>>>
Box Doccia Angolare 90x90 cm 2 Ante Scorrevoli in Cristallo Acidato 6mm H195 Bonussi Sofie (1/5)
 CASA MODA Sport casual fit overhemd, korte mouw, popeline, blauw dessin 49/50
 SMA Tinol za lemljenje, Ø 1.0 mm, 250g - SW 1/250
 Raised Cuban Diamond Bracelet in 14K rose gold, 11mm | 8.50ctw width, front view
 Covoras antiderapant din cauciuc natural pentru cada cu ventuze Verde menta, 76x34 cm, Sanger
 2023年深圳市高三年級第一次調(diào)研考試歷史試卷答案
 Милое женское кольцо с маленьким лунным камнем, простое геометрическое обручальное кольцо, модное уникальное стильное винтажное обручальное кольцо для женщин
<<<
◆ **Requirement**
Give the entries again exactly, every one.

◆ **Solved problem**
Box Doccia Angolare 90x90 cm 2 Ante Scorrevoli in Cristallo Acidato 6mm H195 Bonussi Sofie (1/5)
 CASA MODA Sport casual fit overhemd, korte mouw, popeline, blauw dessin 49/50
 SMA Tinol za lemljenje, Ø 1.0 mm, 250g - SW 1/250
 Raised Cuban Diamond Bracelet in 14K rose gold, 11mm | 8.50ctw width, front view
 Covoras antiderapant din cauciuc natural pentru cada cu ventuze Verde menta, 76x34 cm, Sanger
 2023年深圳市高三年級第一次調(diào)研考試歷史試卷答案
 Милое женское кольцо с маленьким лунным камнем, простое геометрическое обручальное кольцо, модное уникальное стильное винтажное обручальное кольцо для женщин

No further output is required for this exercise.